(Records from a collection)

○ ○ ○ ○ ○

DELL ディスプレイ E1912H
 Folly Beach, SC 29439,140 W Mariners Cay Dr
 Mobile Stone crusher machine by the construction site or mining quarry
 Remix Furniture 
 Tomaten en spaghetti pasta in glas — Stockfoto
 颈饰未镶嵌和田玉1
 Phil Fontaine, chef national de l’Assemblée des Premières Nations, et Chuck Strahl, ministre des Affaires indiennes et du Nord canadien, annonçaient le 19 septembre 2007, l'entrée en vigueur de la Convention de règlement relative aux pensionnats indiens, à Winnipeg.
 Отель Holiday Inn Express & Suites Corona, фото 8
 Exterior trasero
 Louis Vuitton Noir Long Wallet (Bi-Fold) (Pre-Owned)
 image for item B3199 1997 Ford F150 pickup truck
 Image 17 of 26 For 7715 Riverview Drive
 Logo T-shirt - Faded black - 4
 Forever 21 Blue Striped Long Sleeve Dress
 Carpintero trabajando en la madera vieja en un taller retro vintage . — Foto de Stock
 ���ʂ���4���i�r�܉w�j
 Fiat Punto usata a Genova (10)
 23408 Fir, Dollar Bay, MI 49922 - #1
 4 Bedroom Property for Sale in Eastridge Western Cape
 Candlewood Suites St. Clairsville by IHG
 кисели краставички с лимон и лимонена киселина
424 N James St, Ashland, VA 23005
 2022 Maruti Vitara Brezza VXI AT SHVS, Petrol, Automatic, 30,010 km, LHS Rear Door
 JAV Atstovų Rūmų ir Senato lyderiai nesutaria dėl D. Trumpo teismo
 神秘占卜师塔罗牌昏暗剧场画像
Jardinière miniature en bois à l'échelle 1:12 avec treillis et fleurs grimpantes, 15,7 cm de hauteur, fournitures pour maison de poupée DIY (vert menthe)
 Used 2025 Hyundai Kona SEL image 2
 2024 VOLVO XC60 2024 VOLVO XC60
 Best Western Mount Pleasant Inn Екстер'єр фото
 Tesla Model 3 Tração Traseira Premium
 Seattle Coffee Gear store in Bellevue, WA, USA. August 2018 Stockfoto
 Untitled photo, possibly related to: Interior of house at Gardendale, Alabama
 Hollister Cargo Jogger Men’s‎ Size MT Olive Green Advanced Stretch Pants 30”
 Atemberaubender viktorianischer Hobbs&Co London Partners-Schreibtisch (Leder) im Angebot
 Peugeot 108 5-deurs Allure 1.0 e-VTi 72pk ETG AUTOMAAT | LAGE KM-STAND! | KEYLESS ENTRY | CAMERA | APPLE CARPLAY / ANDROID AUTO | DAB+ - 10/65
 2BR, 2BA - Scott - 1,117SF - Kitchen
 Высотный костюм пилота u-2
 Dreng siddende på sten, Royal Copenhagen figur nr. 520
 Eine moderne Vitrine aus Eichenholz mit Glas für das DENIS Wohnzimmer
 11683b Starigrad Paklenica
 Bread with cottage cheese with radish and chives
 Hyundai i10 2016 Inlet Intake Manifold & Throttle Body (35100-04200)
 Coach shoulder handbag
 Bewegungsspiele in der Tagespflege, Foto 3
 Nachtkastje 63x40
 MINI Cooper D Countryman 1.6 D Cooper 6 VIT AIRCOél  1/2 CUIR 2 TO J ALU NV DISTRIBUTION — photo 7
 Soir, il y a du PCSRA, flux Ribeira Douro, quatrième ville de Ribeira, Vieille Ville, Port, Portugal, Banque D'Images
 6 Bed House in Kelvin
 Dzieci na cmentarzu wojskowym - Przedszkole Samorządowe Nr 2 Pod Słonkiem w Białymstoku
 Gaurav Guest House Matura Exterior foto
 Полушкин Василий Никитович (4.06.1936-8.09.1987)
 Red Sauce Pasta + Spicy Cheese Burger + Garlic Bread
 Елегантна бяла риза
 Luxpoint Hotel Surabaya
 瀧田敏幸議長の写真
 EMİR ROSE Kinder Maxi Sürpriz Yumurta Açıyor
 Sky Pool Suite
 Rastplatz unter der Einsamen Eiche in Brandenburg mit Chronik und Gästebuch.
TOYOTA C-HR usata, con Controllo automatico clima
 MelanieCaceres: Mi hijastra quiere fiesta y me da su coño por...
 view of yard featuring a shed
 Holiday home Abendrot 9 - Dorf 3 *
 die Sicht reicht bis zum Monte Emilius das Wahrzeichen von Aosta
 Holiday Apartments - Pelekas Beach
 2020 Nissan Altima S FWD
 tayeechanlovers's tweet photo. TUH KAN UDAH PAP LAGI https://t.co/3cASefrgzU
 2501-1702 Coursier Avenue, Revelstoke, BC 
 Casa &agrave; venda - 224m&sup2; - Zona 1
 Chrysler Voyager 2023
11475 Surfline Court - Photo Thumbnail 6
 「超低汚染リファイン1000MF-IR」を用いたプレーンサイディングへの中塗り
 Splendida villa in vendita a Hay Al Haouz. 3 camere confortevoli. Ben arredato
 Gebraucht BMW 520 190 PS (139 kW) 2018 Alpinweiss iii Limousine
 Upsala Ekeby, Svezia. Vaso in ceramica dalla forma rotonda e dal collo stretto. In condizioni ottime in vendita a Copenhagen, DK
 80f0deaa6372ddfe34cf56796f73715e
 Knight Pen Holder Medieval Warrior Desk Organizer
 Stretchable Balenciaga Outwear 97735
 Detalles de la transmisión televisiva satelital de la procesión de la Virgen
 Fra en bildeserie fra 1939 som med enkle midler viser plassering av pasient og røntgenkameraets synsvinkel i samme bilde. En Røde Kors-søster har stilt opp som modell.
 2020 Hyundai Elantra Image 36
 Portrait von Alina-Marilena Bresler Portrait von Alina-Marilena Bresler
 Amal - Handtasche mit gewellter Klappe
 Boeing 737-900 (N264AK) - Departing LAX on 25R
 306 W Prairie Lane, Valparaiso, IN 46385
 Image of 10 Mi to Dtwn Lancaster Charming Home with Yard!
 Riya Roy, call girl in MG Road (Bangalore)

○ ○ ○ ○ ○

Return only the part of the records above that opens with the line containing "Logo T-shirt - Faded black - 4" and closes with the line containing "Untitled photo, possibly", ends included.

* **Output below**
 Logo T-shirt - Faded black - 4
 Forever 21 Blue Striped Long Sleeve Dress
 Carpintero trabajando en la madera vieja en un taller retro vintage . — Foto de Stock
 ���ʂ���4���i�r�܉w�j
 Fiat Punto usata a Genova (10)
 23408 Fir, Dollar Bay, MI 49922 - #1
 4 Bedroom Property for Sale in Eastridge Western Cape
 Candlewood Suites St. Clairsville by IHG
 кисели краставички с лимон и лимонена киселина
424 N James St, Ashland, VA 23005
 2022 Maruti Vitara Brezza VXI AT SHVS, Petrol, Automatic, 30,010 km, LHS Rear Door
 JAV Atstovų Rūmų ir Senato lyderiai nesutaria dėl D. Trumpo teismo
 神秘占卜师塔罗牌昏暗剧场画像
Jardinière miniature en bois à l'échelle 1:12 avec treillis et fleurs grimpantes, 15,7 cm de hauteur, fournitures pour maison de poupée DIY (vert menthe)
 Used 2025 Hyundai Kona SEL image 2
 2024 VOLVO XC60 2024 VOLVO XC60
 Best Western Mount Pleasant Inn Екстер'єр фото
 Tesla Model 3 Tração Traseira Premium
 Seattle Coffee Gear store in Bellevue, WA, USA. August 2018 Stockfoto
 Untitled photo, possibly related to: Interior of house at Gardendale, Alabama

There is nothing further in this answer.